Man schickt von einer Reise Ansichtskarten, um den Daheimgebliebenen
zu sagen, daß man sie nicht vergessen hat. Man unterläßt
es, einem Freund, der in bescheidenen Verhältnissen lebt innerhalb
eines Sommers Karten aus Ragusa, Capri und Nizza zu schicken. Auch
wäre es taktlos, einem Bürokollegen eine Karte zu schicken
und einen anderen zu übersehen. Dem Chef und hochgestellten Persönlichkeiten
schickt man nur dann Ansichtskarten, wenn man mit ihnen privat befreundet
ist Man läßt auch nicht zufällige Urlaubsbekanntschaften
ihre Namen auf Karten kritzeln, da diese Leute für die zu Hause
Gebliebenen keinerlei Bedeutung haben. (Gutes Benehmen Dein Erfolg)
1
Es gibt Ansichtskarten und Ansichtskarten. Immer wieder fallen den Leuten
Ansichtskarten ein in meinen Briefkasten mit jeder Postwurfsendung. Immer
wieder muß ich viele Ansichten auseinander halten. Ich habe mir
einen Karteikasten gekauft und eine Systematik gemacht. Ich sammle Ansichten
die mir mein Briefträger zuträgt. In meinem Karteikasten sammeln
sich die Ansichten einer ganzen Welt die sie beschreiben.
2
Ansichtskarten sind Ansichtssache und leicht überschaubar. Man
schätzt ihren Umgang. Sie sind genügsam. Man kann sie sich
an den Hut und hinter den Spiegel stecken. Man kann sie unbesehen zerreißen
verbrennen verlegen. Man kann sie jederzeit vorholen und oberflächlich
betrachten. Man kann sie ganz genau betrachten. An ihren Ansichtskarten
kann man sie erkennen.
Ansichtskarten sind nicht jedermanns Sache.
3
Es gibt schwarzweiße Ansichtskarten, die von den Schwarzweißsehern
verschickt werden. Immer noch verteilen die Schwarzweißseher ihre
gebildete Ansicht. Die schwarzweißen Bilder der Welt sind billig
zu haben. An allen Kiosken der Welt wird eine um die andere Ansicht
für bare Münze gehalten Sie ist wiederholbar für jeden
erschwinglich. Täglich sichten die Schwarzweißseher den Bestand
der verteilbaren Welt und lassen ihn umgehen.
4
Ansichtskarten sind keine kleinen Mädchen die bunt angemalt sind.

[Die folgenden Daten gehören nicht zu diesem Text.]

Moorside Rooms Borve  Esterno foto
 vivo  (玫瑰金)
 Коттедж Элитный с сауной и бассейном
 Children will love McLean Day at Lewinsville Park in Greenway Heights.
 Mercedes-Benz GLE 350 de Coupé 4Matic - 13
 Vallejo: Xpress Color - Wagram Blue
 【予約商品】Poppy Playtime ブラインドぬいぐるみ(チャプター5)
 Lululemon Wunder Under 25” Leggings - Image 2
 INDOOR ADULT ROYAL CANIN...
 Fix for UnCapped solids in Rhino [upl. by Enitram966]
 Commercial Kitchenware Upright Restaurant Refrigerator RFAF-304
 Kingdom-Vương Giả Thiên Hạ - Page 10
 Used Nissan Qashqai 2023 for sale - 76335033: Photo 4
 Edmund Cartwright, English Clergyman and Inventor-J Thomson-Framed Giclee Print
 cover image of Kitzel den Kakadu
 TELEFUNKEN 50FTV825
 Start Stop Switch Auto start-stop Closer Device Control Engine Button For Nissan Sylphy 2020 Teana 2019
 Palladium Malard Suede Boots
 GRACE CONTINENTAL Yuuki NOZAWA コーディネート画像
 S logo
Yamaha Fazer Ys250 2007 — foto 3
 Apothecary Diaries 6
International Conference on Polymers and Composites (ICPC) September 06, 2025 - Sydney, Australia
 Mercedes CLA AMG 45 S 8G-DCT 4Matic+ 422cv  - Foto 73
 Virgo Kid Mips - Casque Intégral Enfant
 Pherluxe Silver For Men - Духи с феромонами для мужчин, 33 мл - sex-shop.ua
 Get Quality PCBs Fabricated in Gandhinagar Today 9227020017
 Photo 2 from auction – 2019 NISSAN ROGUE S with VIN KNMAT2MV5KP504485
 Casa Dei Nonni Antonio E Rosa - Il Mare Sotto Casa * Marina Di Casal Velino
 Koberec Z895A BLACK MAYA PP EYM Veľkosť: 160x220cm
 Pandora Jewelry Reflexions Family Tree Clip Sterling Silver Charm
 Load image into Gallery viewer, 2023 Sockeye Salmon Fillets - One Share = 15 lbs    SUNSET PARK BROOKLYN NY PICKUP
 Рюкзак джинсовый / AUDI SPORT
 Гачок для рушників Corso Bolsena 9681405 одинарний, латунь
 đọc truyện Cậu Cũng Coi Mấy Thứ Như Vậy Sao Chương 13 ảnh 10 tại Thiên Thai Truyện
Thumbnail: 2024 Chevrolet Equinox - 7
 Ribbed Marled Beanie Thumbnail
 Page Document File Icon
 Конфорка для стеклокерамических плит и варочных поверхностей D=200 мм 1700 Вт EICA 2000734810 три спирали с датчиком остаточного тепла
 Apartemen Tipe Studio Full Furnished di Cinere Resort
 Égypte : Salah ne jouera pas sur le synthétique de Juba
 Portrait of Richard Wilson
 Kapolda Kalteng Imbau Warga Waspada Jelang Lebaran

Die buntangemalten Ansichtskarten ändern ihre Meinung nicht von
heute auf morgen. Sie hängen ihr Mäntelchen nicht nach dem
Wind Man kann sie erinnern. Ein Kreuz mit Tinte bezeichnet die Stelle
der Wohnungnahme. Viele Leute machen ein Kreuz und möchten sich
hinter verstecken. Ansichtskarten sind keine Regenbögen die bunt
angestrichen sind.
5
Von allen bekannten Blumen sind Ansichtskarten die schönsten Sie
blühen nicht im Verborgenen Sie sprechen von sich aus. Sie sagen
nicht: laßt Blumen sprechen. Und sprechen nicht durch die Blume
oder in Rätseln. Sie sprechen in Bildern. Sie haben sich eine Ansicht
gebildet. Sie haben sich eine genaue Ansicht gebildet. Sie besagen nichts
weiter.
6
Die Ansichtskarten Günther C. Kirchbergers haben eine Ansicht die
sonst niemandes Ansicht ist. Man kann sie keinem Menschen vorlesen.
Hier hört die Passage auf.